La música popular chilena es un follaje de muchos elementos asociados, pero a la que en general se la entiende como un perchero de despliegue simple: aquí -bien a la vista- se cuelga a los exitosos y allá a los que no; más abajo las antiguas glorias cuya relevancia se conoce pero sin intención de sacudirles el polvo; lo folclórico luce pero ni lo muevan.



Animada por ese ímpetu difuso que conocemos como “espíritu dieciochero”, la Sociedad de Escritores de Chile (SECh) convocó este mes a un “Concurso de ‘Payas’” (las comillas y el plural son los de su afiche). Había premios, un único jurado y un instructivo motivador: “Darle realce a las Fiestas Patrias componiendo poesía popular en tiempos de pandemia”. El problema es que, según sus bases, lo que el concurso de “payas” buscaba no era realmente eso. De hacerlo, habría organizado encuentros en vivo en que los postulantes desplegasen su capacidad de improvisación e intercambio poético entre dos personas, esencia de ese arte; y no dejar habilitado un Gmail para enviar cuartetas o coplas escritas (“en archivo Word, letra Arial, tamaño 12”).

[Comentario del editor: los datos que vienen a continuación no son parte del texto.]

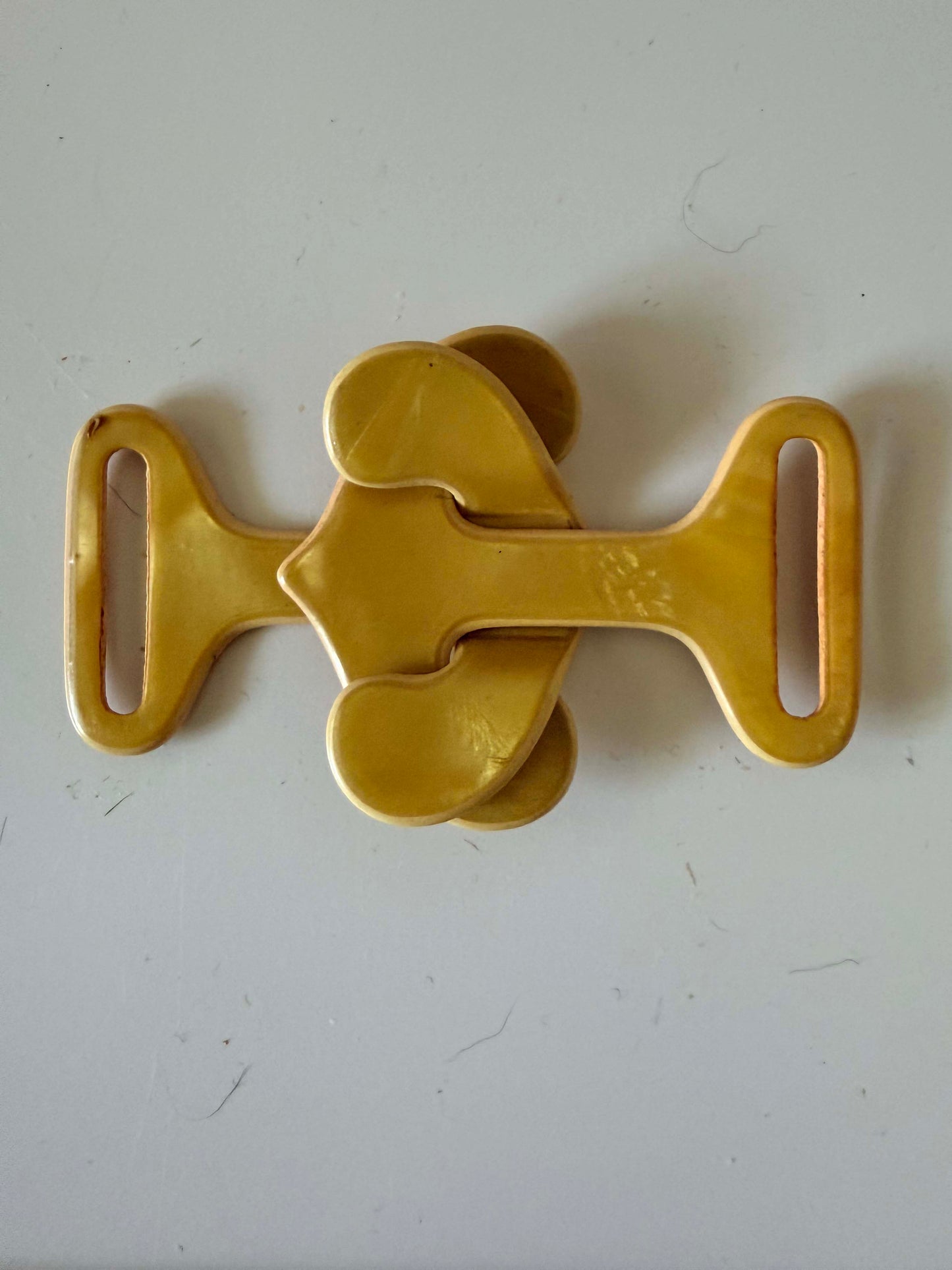Vintage Butterscotch Celluloid Belt Buckle – Abstract Sculptural Mid Century Buckle – 1930s 1940s Cream Carved Belt Closure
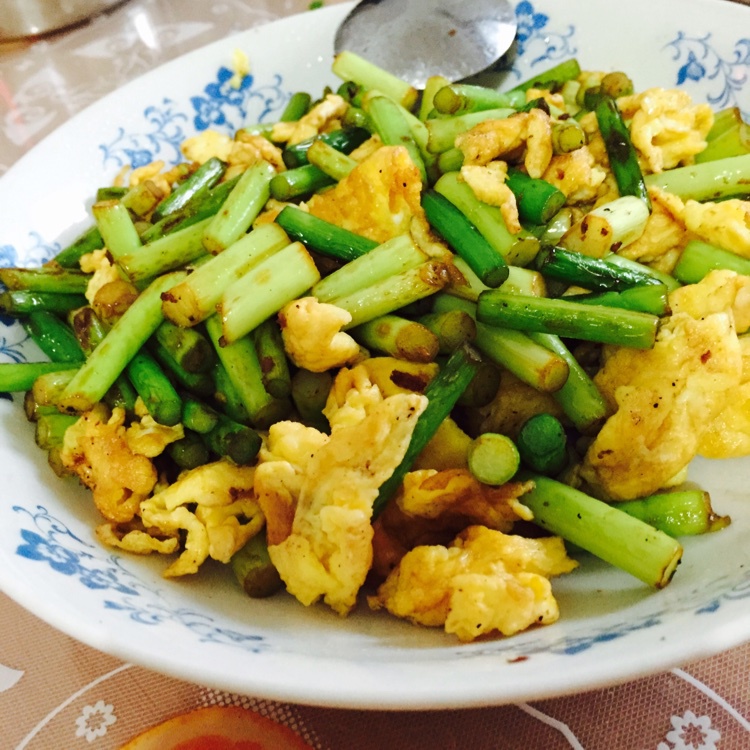 蒜苗炒鸡蛋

Entre otras tradiciones de septiembre, la de confundir públicamente paya, brindis, décima, cueca y rimas es de persistencia imbatible, y a ella volverán a empeñarse estos días incontables autoridades y rostros de televisión. Quedaría tan sólo como un estorbo para el combate desde el frente de la poesía popular -bien nutrido de mentes alerta- si no fuese porque es parte de una desidia mayor, un rasgo de auténtica chilenidad que trasciende las celebraciones patrias y a un género en particular. Suelen debatirse estos asuntos desde la cantinela de la falta de reconocimiento y aprecio por “lo nuestro”, con todo el ramaje de propuestas de educación escolar y difusión adjunto. Acaso sea más certero reconocer de una vez una ignorancia satisfecha consigo misma, que desde el gesto bienintencionado del recuerdo ocasional en verdad no sabe ni quiere saber más allá de lo ya recogido. La música popular chilena es un follaje de muchos elementos asociados, pero a la que en general se la entiende como un perchero de despliegue simple: aquí -bien a la vista- se cuelga a los exitosos y allá a los que no; más abajo las antiguas glorias cuya relevancia se conoce pero sin intención de sacudirles el polvo; lo folclórico luce pero ni lo muevan. Y así. Categorías rígidas que acomodan a los medios e incluso a gestores de cultura, que con ellas se aseguran sentencias fuera de discusión, y datos objetivos y a la mano.

Una de las corrientes de análisis musical más interesantes para la lectura la han desplegado pensadores europeos de melomanía evidente pero atención puesta no sobre quienes crean sino sobre quienes escuchamos, y cómo es que lo hacemos. “Hay una historia de la escucha, con sus mutaciones, sus rupturas, sus cambios de régimen”, recuerda el francés Peter Szendy, quien establece que entre nosotros y la música se instala una relación de responsabilidad, como en todo intercambio. El disfrute al oído no se alterará por eso, pero sí el modo de referirse a quienes lo permiten, creadores inscritos en una tradición, técnicos atentos a innovaciones, trabajadores por fuera de etiquetas simples (ya sea la de “genio” y “fenómeno”, como la de “voz del recuerdo” o “de moda”), divulgadores entusiasmados por las asociaciones y vínculos entre canciones. Hoy en Chile es un día de escucha. Las cuecas, tonadas, cumbias, rock, trap y boleros con los que brindamos no son música ligera.